A U.S. Senate investigative report found that the inherent
conflicts of interest from the issuer-pay model likely
contributed to the slowness of the rating agencies in
downgrading the securities.
The question of how to tackle potential conflicts by raters
remains one of the largest issues still looming over the SEC
since the crisis.
The SEC's report on Tuesday said that having a board assign
ratings "could mitigate the issuer-pay conflict" and also help
open the doors for more competition in the industry.
At the same time, however, the SEC warned that such a system
may not address the practice of "ratings shopping" because
companies would still be allowed to hire credit-rating firms to
supplement the initial assigned rating.
The SEC's report suggests other options for handling
conflicts, such as enhancing rules on the books designed to make
sure that credit raters who are not hired by a company to
determine a rating can still get the same information to do
their own review.
The idea behind the rule was to make it difficult for
companies to exert influence over the rating agencies they hire
"because any inappropriate rating could be exposed to the market
through the unsolicited ratings" of competitors, the SEC said.

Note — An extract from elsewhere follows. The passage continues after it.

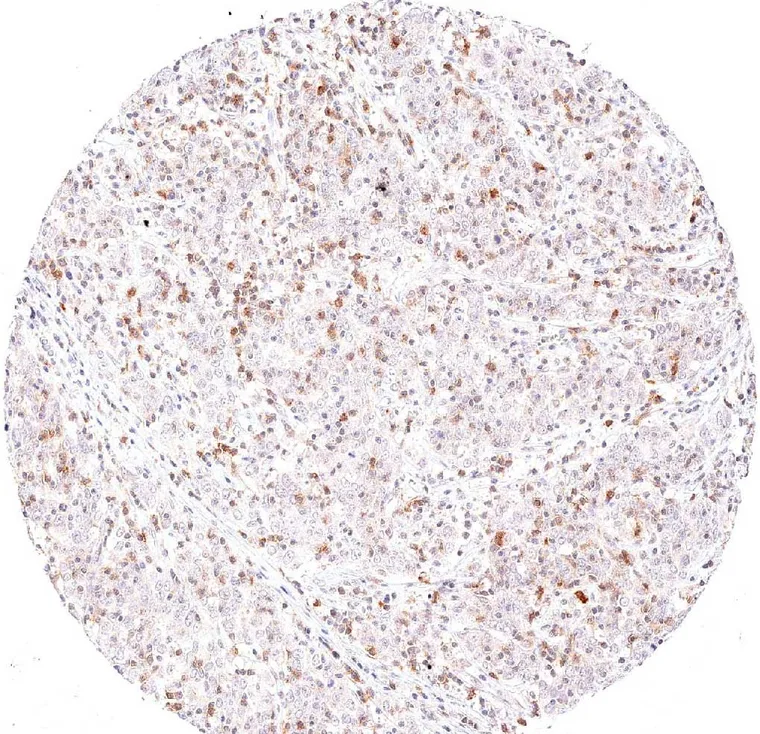 A cervix uteri squamous cell carcinoma with numerous intratumoral TIGIT positive lymphocytes.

But the SEC noted that while the industry is already
well-versed in the rule and has established systems for
information sharing, most credit raters are not using it to
produce unsolicited ratings.
Although the agency has previously instituted some rules to
help prevent conflicts, critics say those are not enough and
that the issuer-pay model cannot be properly managed without an
overhaul of the system. The largest raters, by contrast, say
such conflicts can be properly managed with the right rule set.
Last month, SEC examiners said they continued to find
numerous compliance issues at large and small firms alike,
including one instance in which a larger rater may have let
"market share and business considerations" lead the company to
change its rating methods for asset-backed securities without
disclosing the change to the public.
Spokesmen for S&P and Moody's had no immediate comment on
the SEC's report.
A spokesman for Fitch could not be immediately reached.
Franken said in a statement: "I'm pleased that the SEC
confirmed what I've always believed - that dangerous conflicts
of interest continue to put investors at risk - and I'm going to
work with the SEC to implement a solution to this problem."